DOS VIOLÕES PARA UMA BANDA TODA

Diferentemente da primeira edição, em que o show foi todo à base dos violões de Alceu, Geraldo e Zé, o novo O Grande Encontro tem uma banda de peso, formada pelos profissionais que acompanham Elba com adesão de alguns dos músicos de Alceu e Geraldo. Estão no palco com o trio Paulo Rafael e Marcos Arcanjo (violão e guitarra), Cássio Cunha (bateria), Nei Conceição (baixo), César Michiles (flauta), Anjo Caldas (percussão) e Meninão (sanfona). O repertório celebra o show de 1996 principalmente quando os três estão juntos no palco: de lá, eles resgatam "Sabiá", "Banho de Cheiro", "Pelas Ruas Que Andei" e "Frevo Mulher". Do encontro de 2000, vieram "Caravana" e "Táxi Lunar". Em seus momentos solo, eles também relembram sucessos antigos, mas músicas novas ou algumas até hoje desconhecidas do grande público dão o ar de novidade ao espetáculo.

"Incluí no roteiro uma música minha inédita chamada 'Ciranda da Traição' e resgatei 'Papagaio do Futuro', que defendi no Festival Internacional da Canção de 1972 junto a Jackson do Pandeiro. Tem também uma música chamada 'Me dá um Beijo' de minha autoria que Geraldo me lembrou que nós gravamos no 'Quadrafônico'. Mas também canto as mais conhecidas, como 'Coração Bobo' e 'Tropicana'", conta Alceu.

"Ciranda da Traição" não está em disco algum de Alceu, mas é velha conhecida de quem frequenta seus shows de carnaval. O pernambucano leva também ao palco "Cabelo no Pente", "La Belle de Jour" e, com Elba Ramalho, "Ciranda Rosa Vermelha" e "Flor de Tangerina", sucessos nas trilhas sonoras das novelas "A Indomada"(1997) e "Velho Chico" (2016), respectivamente.
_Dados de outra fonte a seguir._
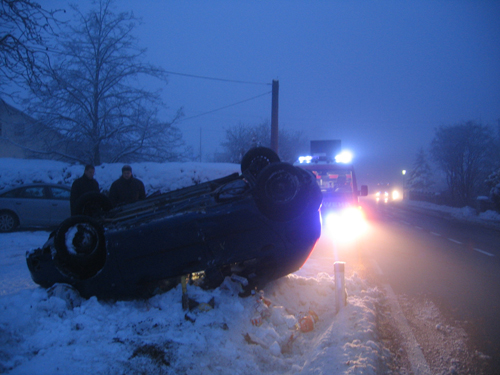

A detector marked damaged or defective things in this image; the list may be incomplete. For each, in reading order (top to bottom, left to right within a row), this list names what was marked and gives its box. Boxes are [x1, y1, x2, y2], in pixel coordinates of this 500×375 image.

overturned car [27, 148, 322, 300]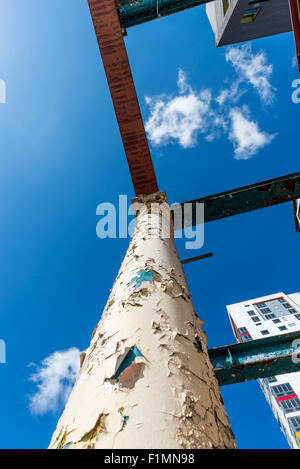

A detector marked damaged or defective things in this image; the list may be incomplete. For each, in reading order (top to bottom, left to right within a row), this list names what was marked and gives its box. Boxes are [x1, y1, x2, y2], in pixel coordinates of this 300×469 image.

green corroded metal [117, 0, 211, 28]
rusty steel beam [86, 0, 158, 195]
green corroded metal [171, 172, 300, 230]
rusty steel beam [172, 173, 300, 229]
peeling paint column [49, 191, 236, 450]
green corroded metal [210, 330, 300, 384]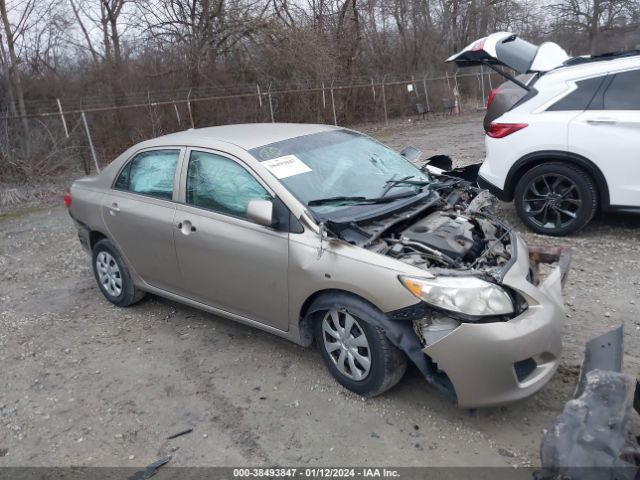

Com Geraldinho, seu conterrâneo, além de "Papagaio do Futuro", ele canta "Moça Bonita".

'OBEDECEMOS A HISTÓRIA DA MÚSICA'

"Faço oito tipos de shows diferentes, um com orquestra, o acústico, o de carnaval, o de São João, um mais metropolitano e até um de rock que não é rock, como definiu um jornalista americano que me viu tocar em Nova York certa vez... Em O Grande Encontro, cada um pode escolher a sonoridade que quer para sua apresentação individual. Quando tocamos juntos, obedecemos a história da música", explica Alceu.

Com a saída do amigo do palco, Geraldinho ataca sozinho de "Sétimo Céu", "Parceiros das Delícias", "Dia Branco" e a parceria inédita com Abel Silva "Só Depois de Muito Amor". Com Elba, ele canta e toca "Bicho de 7 Cabeças II" e "Canta Coração", composição dele e de Carlos Fernando que inaugurou o repertório do primeiro LP da cantora paraibana, "Ave de Prata", lançado em 1979. A composição é dos tempos em que a dupla dividia apartamento no Rio em um "casamento sem sexo", como declarou Elba no palco carioca.

"Eu sempre achei que Elba tinha que cantar. Naquela época, ela fazia uma peça, mas eu já achava que ela devia cantar", relembra ele.

Sozinha, além da já citada "Chão de Giz", Elba arrebenta interpretando "Sangrando" - que trouxe do show do Prêmio da Música Brasileira que homenageia Gonzaguinha - e faz um medley celebrando a obra de Dominguinhos com "Abri a Porta" e "Eu Só Quero Um Xodó". Sempre contando histórias no palco, ela entoa "Candeeiro Encantando" lembrando que foi a primeira cantora a gravar uma música de autoria de Lenine. O que o público perdeu desta vez foi a estreia da cantora como compositora de música não religiosa.

"Eu ganhei uma força como intérprete com 'Sangrando' nos shows do prêmio, por isso quis continuar cantando. Não foi fácil escolher o repertório porque tenho mais de 800 músicas gravadas de outras pessoas. E, apesar de querer agradar ao público com sucessos, gosto de desafio, de novidade. Eu queria incluir uma composição que fiz com Geraldinho e Tony Garrido, mas não ficou pronta em tempo. As melodias vivem aqui, saindo, mas eu sou preguiçosa. Em disco meu, só tem música religiosa que eu fiz", conta Elba.

O Grande Encontro está sob o comando do produtor e diretor cultural pernambucano André Brasileiro, que dirigiu o show do premiado CD/DVD "Cordas, Gonzagas e Afins", de Elba Ramalho. Um show à parte, o cenário elaborado por Gringo Cardia a partir de obras do artista plástico baiano J. Cunha muda a cada número, colorindo o visual nos mesmos tons das músicas.